As the rays of early evening sun lingered over the giant wooden mast that protruded through the pine forest, two cars passed through the gates of the German radio station and stopped outside the three-storey transmission building.

In the following minutes, seven SS officers posing as Polish partisans, would carry out a simple act that would leave one man dead on the station steps – and provide Adolf Hitler with the excuse to invade Poland, plunging the world into six dark years of conflict.

The events that took place in the fading light of August 31, 1939 around Gliwice radio station – some four miles inside Germany, on the border with Poland – have largely been overlooked by historians. Even relatives of the dead man have only spoken of the incident in hushed, private family gatherings, preferring not to ask questions of authorities on either side.

And on Tuesday, when German Chancellor Angela Merkel meets the prime ministers of Russia and Poland in Gdansk (formerly Danzig) to commemorate the day 70 years ago when Hitler's tanks rolled across Poland's borders, little thought will be given to the place where it started – or the man who died there.

However, on Monday, in the manicured grounds of the radio station on the edge of the industrial city of Gliwice, which is now within Poland's borders, there will be a low-key commemoration and, for the first time, German and Polish historians will gather to discuss what took place.

The radio station, still dominated by the 111-ft high transmitting mast, was reopened as a museum in 2005. This week, its director, Andrzej Jarczewski, said: "Many people will have never known what took place here to start the entire war. It is not a moment easily remembered for many reasons.

"There are some who remember but have wanted to forget because they believe it brings a stain to the reputation of Poland. But the truth is it is not a moment to forget but to remember and to learn about the real events that started it all."

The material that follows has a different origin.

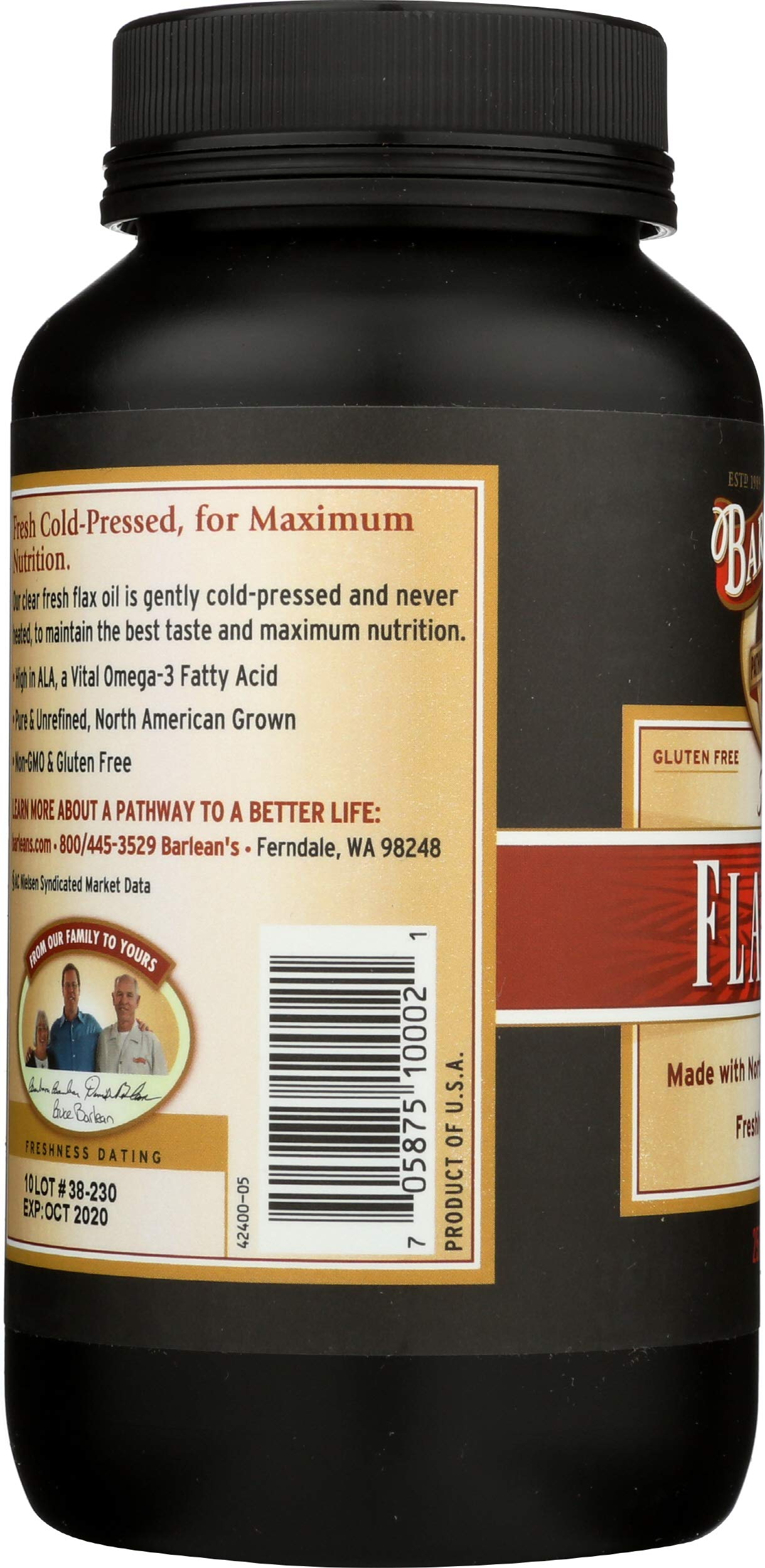 Barlean's Flax Oil Softgels 250 Count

The audacity of the raid and the brazen manner in which it was exploited by Hitler is still astounding. It was shortly before 8pm that SS-Sturmbannfuhrer Alfred Naujocks and his elite six-man team drove into the radio station. In one of the cars was Franciszek Honiok, a 43-year-old unmarried Catholic farmer. He had been arrested by the SS in the village of Polomia on August 30, and ruthlessly selected as the person who would provide the ''proof'' of Polish aggression against Germany.

The Nazis charged up the steps and through the station's front door. They met no resistance from the guards and quickly overpowered the three engineers on duty.

In the hectic moments that followed, Naujocks fired several shots into the air and ordered the terrified staff to do as they were told.

One of the SS men, Karl Hornack, was a Polish speaker. He grabbed the main microphone and shouted: "Uwage! Tu Gliwice. Rozglosnia znajduje sie w rekach Polskich.''(Attention! This is Gliwice. The broadcasting station is in Polish hands.)...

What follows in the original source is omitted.